Tekoşîn Ozan, “Savaşın Türk ekonomisine getirdiği yıkım, siyasal kurumlardaki kriz ve toplumsal parçalanma açıkça ortadadır” diyerek, Kürt sorununun çözümünün yalnızca silahların bırakılması ya da güvenlikçi yaklaşımlarla sınırlanamayacağını dile getirdi. Tekoşîn Ozan konuşmasını şöyle sürdürdü: “Bu anlamda Kürt sorununun çözümü sadece Kürtlerin sorununun çözülmesi değildir; Türkiye halklarının, emekçilerinin, kadınlarının sorunlarının çözümüne dönük yaklaşım belirlemektir. Buna yönelik adımlar atmaktır. Bu anlamda genel bir demokratikleşme ve özgürleşme sorunu olarak tanımlıyoruz.”

‘Bu kadar güçlü bir dönüşüm sağlamak da bir mücadele gerektiriyor’
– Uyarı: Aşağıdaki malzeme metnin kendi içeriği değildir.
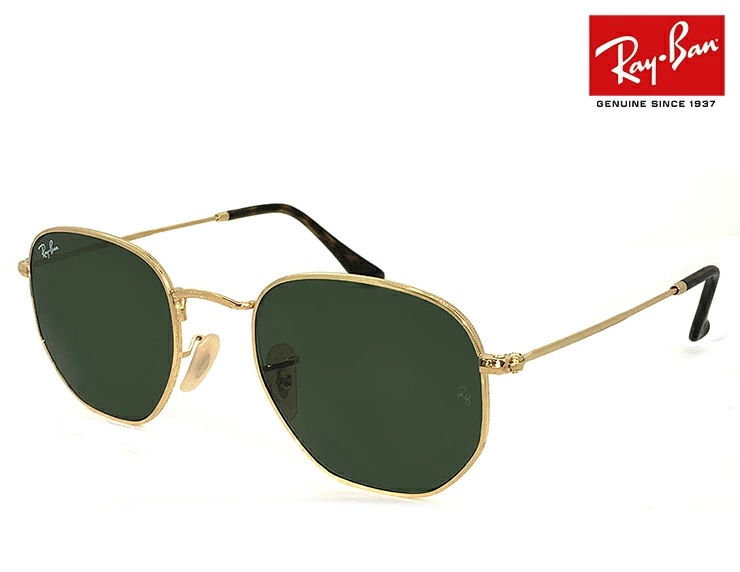 Ray-Ban サングラス rb3548n 001 51mm 小さめ Sサイズ メンズ レディース HEXAGONAL FLAT LENSES 15,903円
Tekoşîn Ozan, çözüm sürecinin ancak demokratikleşme ve özgürlük temelinde ilerleyebileceğini belirterek, konuşmasını şöyle tamamladı:

“Kürt sorunu konusunda inkâr, imha ya da ‘terör’ tanımlamaları çözüm üretmedi. 50 yıllık deneyim bunun böyle işlemeyeceğini gösterdi. Bugün gelinen noktada hâlâ çözümü PKK’nin silah bırakmasına indirgemek, süreci daraltmak olur. Oysa asıl olan, yasal ve anayasal adımlarla toplumsal dönüşümü mümkün kılmaktır. Bunun turnusol kâğıdı, Kürt sorununa yaklaşımdır. Kürt sorunu konusunda inkâr, imha ya da “terörle” sınırlandıran tanımlamalar çözüm getirmez. Şimdiye kadar getirmedi. 50 yıllık bir deneyim var. Bundan sonra da getirmez. Eminim herkes bunun farkındadır. Herkes bunu böyle anlıyordur. Türkiye halklarının da zaten çözüme yaklaşımının olumlu olduğuna dönük çok fazla veri var. Kürt halkı zaten bu konuda son derece duyarlı, politikleşmiş bir halk. Ve gerçekten çözümden yana olan, demokratik zihniyeti önemli oranda gelişmiş olan bir halk. Dolayısıyla bu tablonun içerisinde durumu hâlâ PKK’nin silah bırakması ya da “terör” sorunu olarak tanımlanması çözüme katkı sunmaz. Doğru da olmaz. Doğru olan, sürecin gelişmesine dönük yasal-anayasal adımları atmak, bu konuda dilden tutalım yaklaşıma kadar kardeşlik üslubunu, dilini, kardeşlik yaklaşımını ve yasalarını geliştirmektir. Bu, ardından derinleştirilecek bir biçimde toplumun güçlenmesini sağlayabilecek, kendini örgütleme hakkını, kadınların özgürlük bilincini ve toplumsal yaşam içerisindeki duruşunu güçlendirebilecek örgütlenme, mücadele etme hakkını garanti altına almak gerekiyor. Bunların hepsi için mücadele gerekiyor. Bu kolay bir şey değil. Yani bu kadar güçlü bir dönüşüm sağlamak da bir mücadele gerektiriyor. Şu anda bizim burada yaptığımız tören de bir mücadele yöntemi aslında. Yani bir değişim-dönüşüm sürecine katkı sunma temelinde bir mücadele yöntemidir. Demokratikleşmeye dönük iyi niyet yaklaşımı gösterip adımların bu kulvarda atılmasına dönük ön açıcı bir yaklaşımdır. Umarız böyle devam eder.”